Ce 8 mars, pour la journée internationale de lutte pour les droits des femmes, de nombreuses manifestations sont organisées pour réclamer des mesures en faveur de l’égalité entre les sexes. Dans les cortèges, certaines couleurs, comme le violet et le vert, ressortent. Portées par les militantes féministes, elles s’inscrivent dans une histoire de luttes qui ne date pas seulement de ces dernières années. On vous explique d’où elles viennent et ce qu’elles symbolisent.

Une référence au mouvement des Suffragettes

Le violet, le vert, mais aussi le blanc sont des couleurs associées au mouvement féministe depuis plus d’un siècle. En effet, les premières occurrences datent du mouvement des Suffragettes, au Royaume-Uni, dans les années 1900. Alors qu’elles militent pour obtenir le droit de vote, ces femmes réfléchissent à la manière dont elles peuvent donner de la force et de la visibilité à leur cause. 

« Le mouvement pour le suffrage féminin, il avait commencé avant les années 1900, mais à partir du tournant du XXe siècle, les femmes ont cherché à adopter d’autres modes d’action pour être plus efficaces », explique Léa Dorion, enseignante-chercheuse à l’université Paris-Saclay et spécialiste des mouvements féministes. « Elles ont eu cette réflexion que des symboles visuels pourraient leur permettre de propager leurs idées de façon plus efficaces, de plus marquer les esprits.
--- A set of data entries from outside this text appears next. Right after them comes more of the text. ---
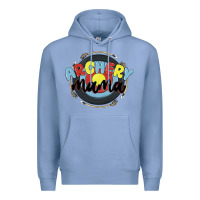 Colony Blue archery mama Premium Hoodie - MaliasSmallBusiness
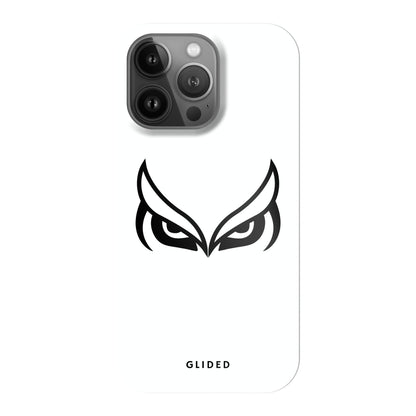 White Owl - iPhone 13 Pro Handyhülle Hard Case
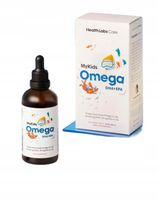 health Labs care mykids omega DHA + EPA płyn 100 ml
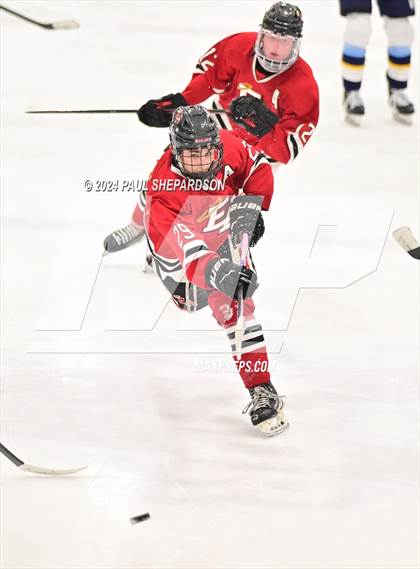 Thumbnail 2 in Valor Christian vs. Denver East - CHSAA 5A Quarterfinals photogallery.
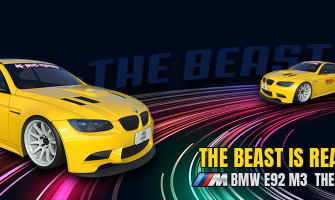 BMW E92 M3 The Perfect Looking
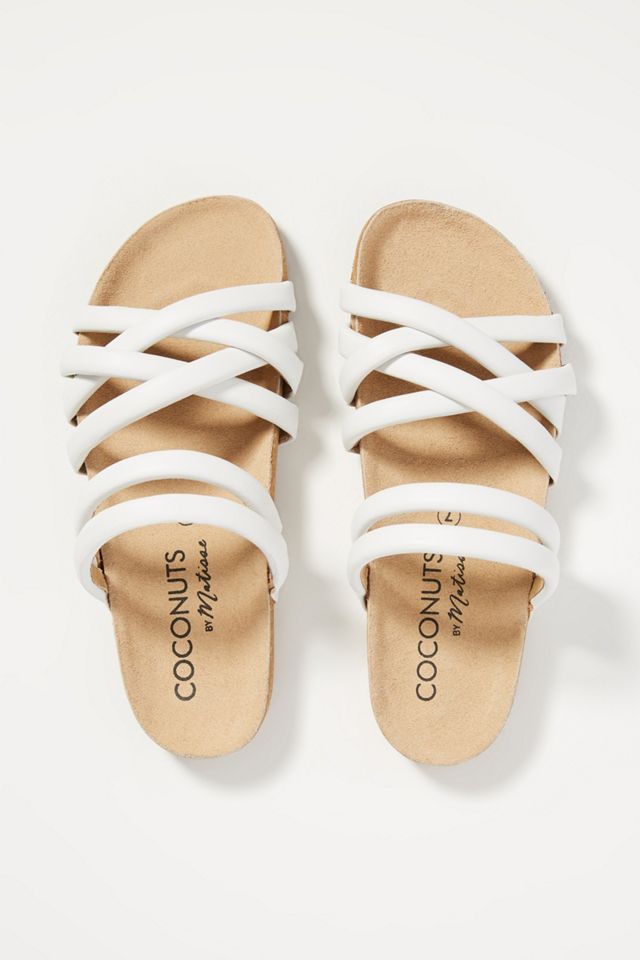 Matisse Cross-Strap Slide Sandals #1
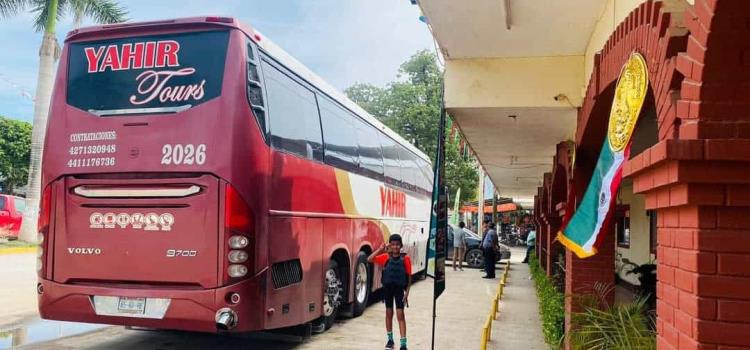 Exigen control sobre  manejo de autobuses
Elles ont donc développé une pratique visuelle, en tout cas, une identité vestimentaire qui mobilisaient le violet, le blanc et le vert », poursuit-elle.
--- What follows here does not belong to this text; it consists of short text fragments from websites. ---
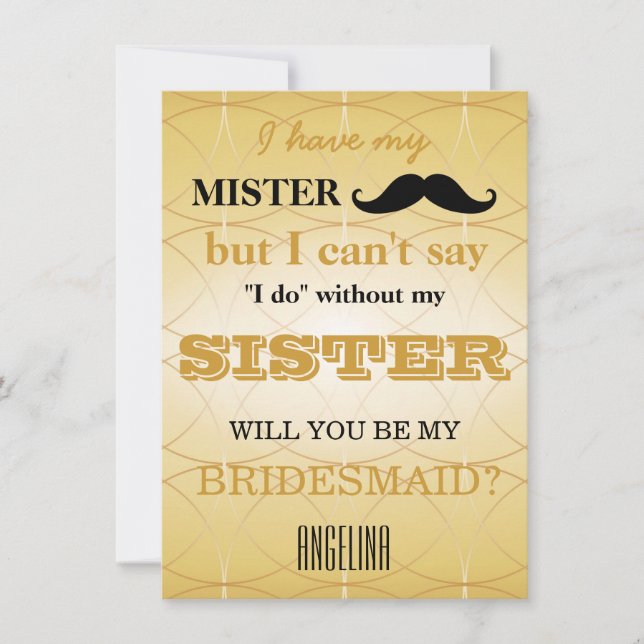 Junggesellinnenabschiede? Einladung (Vorderseite)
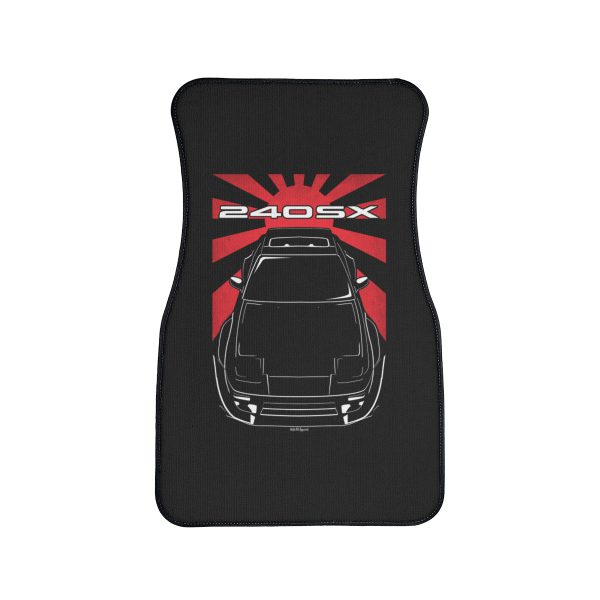 Nissan 240SX SE S13 1989-1994 Body kit Car Mat - JDM Floor Mats Front Carpet Floor Mats by Auto Art Apparel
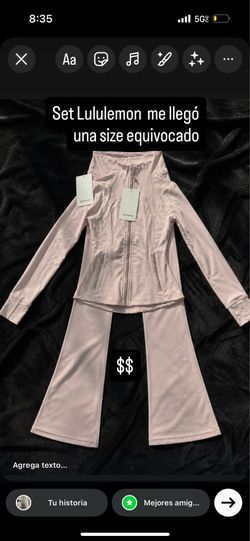 Lululemon set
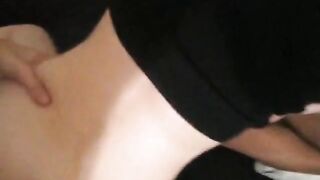 Cuckold Husband Watches Amber Blank with Interracial Lover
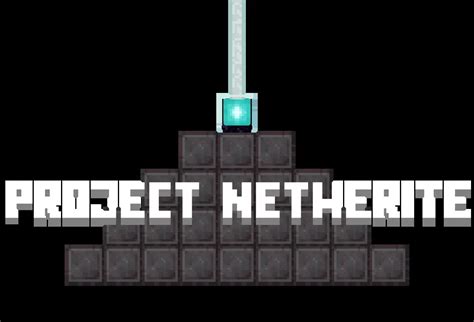 Netherite Farming Pack Projekt Netherite Minecraft Texture Pack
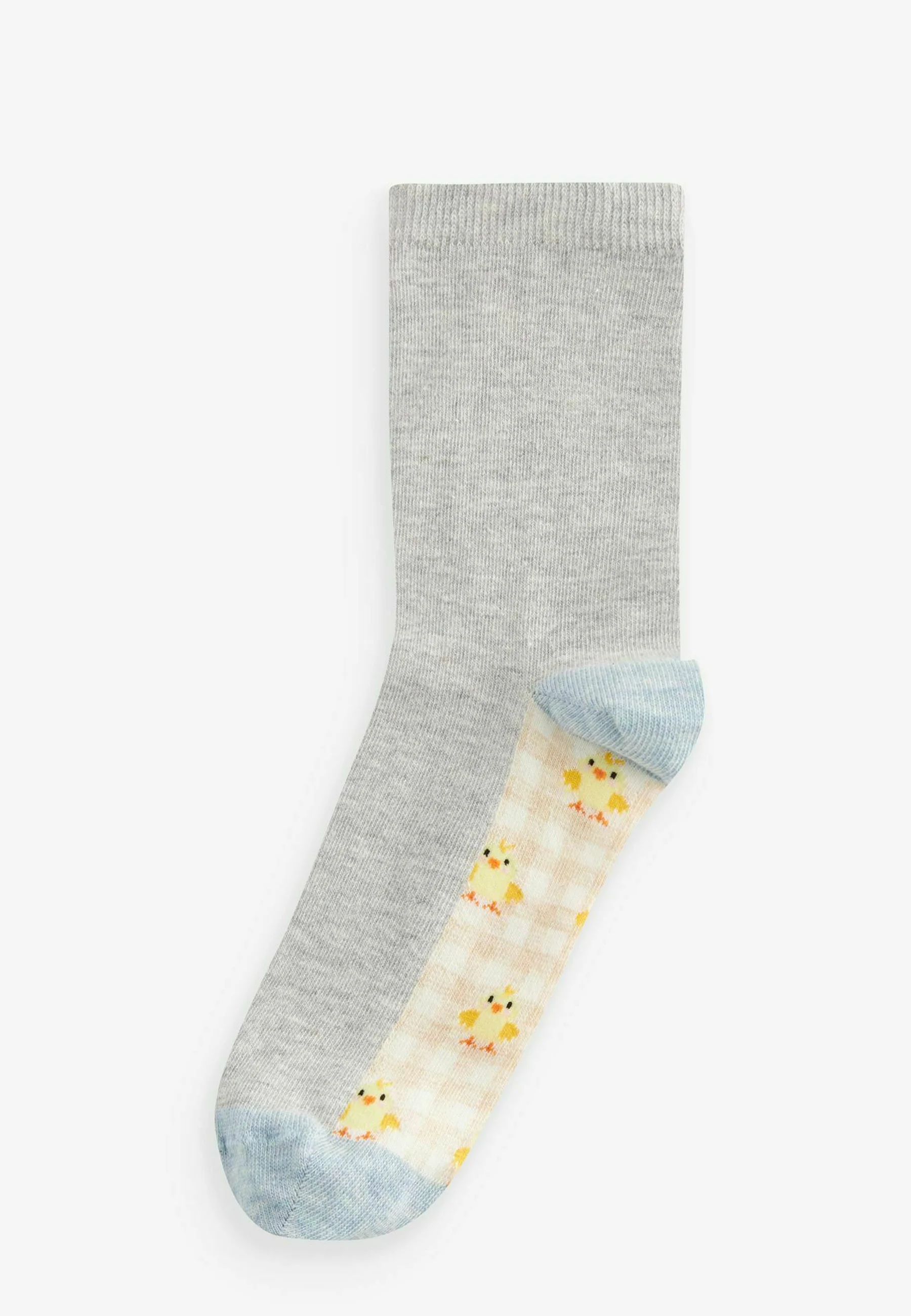 Pack de 5 calcetines con estampado animal de primavera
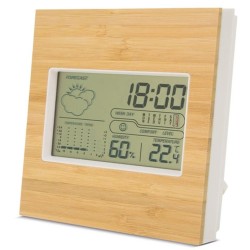 Meteorologická stanice, bambus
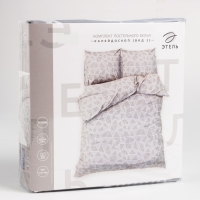 Постельное бельё Этель Дуэт «Калейдоскоп» (вид1) 143х215 см-2шт, 220х240 см, 70х70 см-2шт, 100% хлопок, поплин Постельное бельё Этель Дуэт «Калейдоскоп» (вид1) 143х215 см-2шт, 220х240 см, 70х70 см-2шт, 100% хлопок, поплин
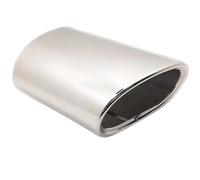 Car Exhaust Pipe FOR BMW 3 FOR Series 318 E90 E91 320d 318d 318i E92 E93 FOR X3 F25 20i 28i E83 2.0i Stainless Steel Exhaust Muffler Tip Pipes Cover Car Exhaust Tailpipe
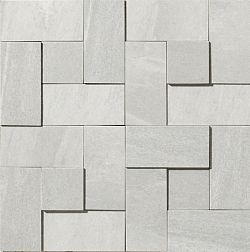 Apavisa Materia White Natural Brick Мозаика 29,75x29,75 (5х10) см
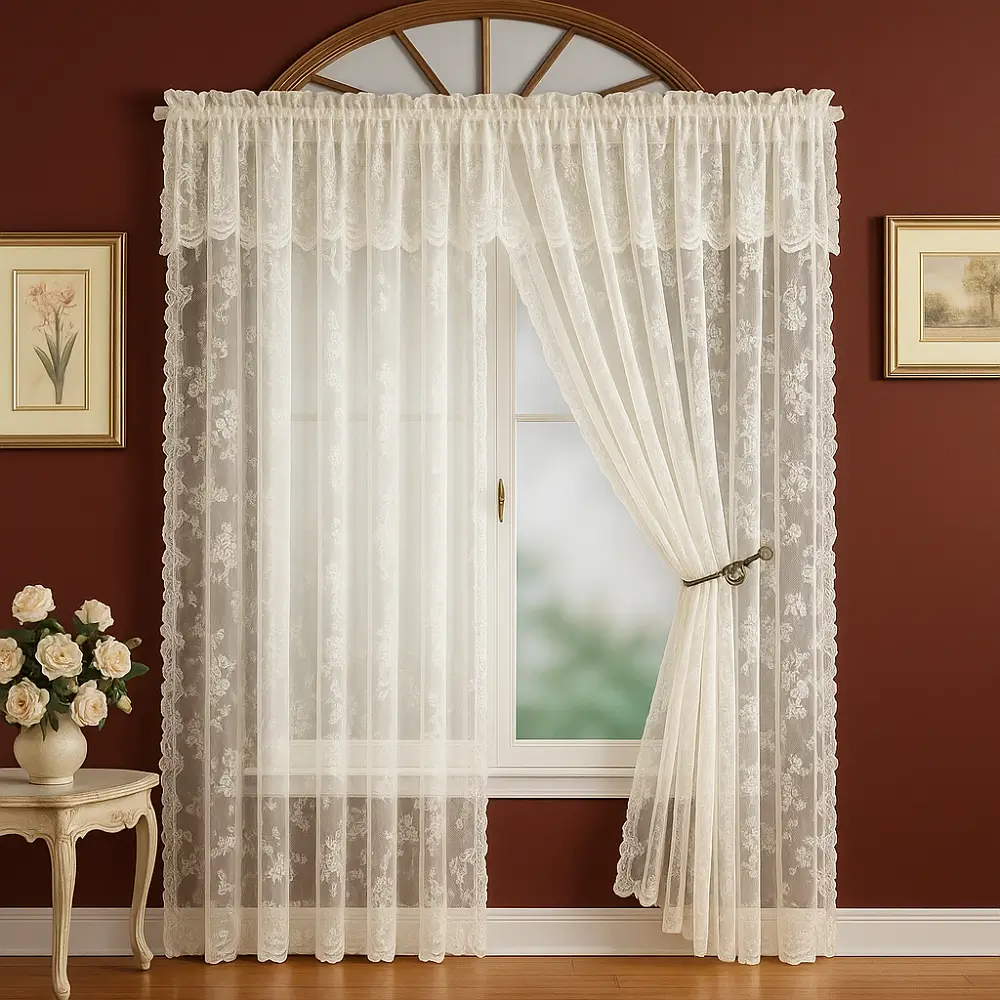 Lace Curtains Residential Lace Curtains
Le choix se porte vers ces couleurs pour des raisons symboliques, le violet signifiant la dignité, le blanc, la pureté et le vert, l’espoir. Ce sont par ailleurs des couleurs assez communes dans le vestiaire féminin de l’époque et qui tranchent avec les vêtements masculins, plutôt sombres. Enfin, ces couleurs ont aussi l’avantage, à l’époque, de n’être pas encore associées à un mouvement politique particulier. « Le bleu, c’était la couleur des républicains, le rouge, plutôt celle des socialistes, des communistes, le noir, des anarchistes. L’idée, c’était de trouver des couleurs qui n’étaient pas déjà utilisées pour se démarquer de ces autres courants politiques », précise la chercheuse Léa Dorion.
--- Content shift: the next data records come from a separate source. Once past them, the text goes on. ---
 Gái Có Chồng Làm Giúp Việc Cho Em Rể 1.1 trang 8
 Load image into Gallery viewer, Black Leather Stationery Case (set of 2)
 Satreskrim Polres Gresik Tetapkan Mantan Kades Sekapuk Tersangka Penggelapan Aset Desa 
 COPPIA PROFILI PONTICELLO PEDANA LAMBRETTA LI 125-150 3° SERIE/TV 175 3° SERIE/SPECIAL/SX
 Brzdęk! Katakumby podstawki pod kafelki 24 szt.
Des marées violettes en France, depuis les années 1960

Par la suite, le violet est réapparu en France, dans les années 1960-1970, directement en référence à l’histoire des Suffragettes anglaises. Mais pas seulement. « Une des analyses à la mobilisation du violet, c’est que c’est le mélange du bleu et du rose. Ça a été vu comme une couleur qui dépassait les assignations genrées en termes de couleurs », indique l’enseignante-chercheuse Léa Dorion, les normes attribuant le bleu aux garçons et le rose aux fillettes. 

« C’était une couleur vue comme féministe par excellence parce qu’en dehors des catégories genrées », ajoute la maîtresse de conférence. Résultat, on trouve cette couleur dans les cortèges qui demandent le droit à la contraception libre ou à l’avortement ou encore la reconnaissance du travail domestique majoritairement réalisé par les femmes, comme en 1974, lors de la grève des femmes organisée par le Mouvement de libération des femmes.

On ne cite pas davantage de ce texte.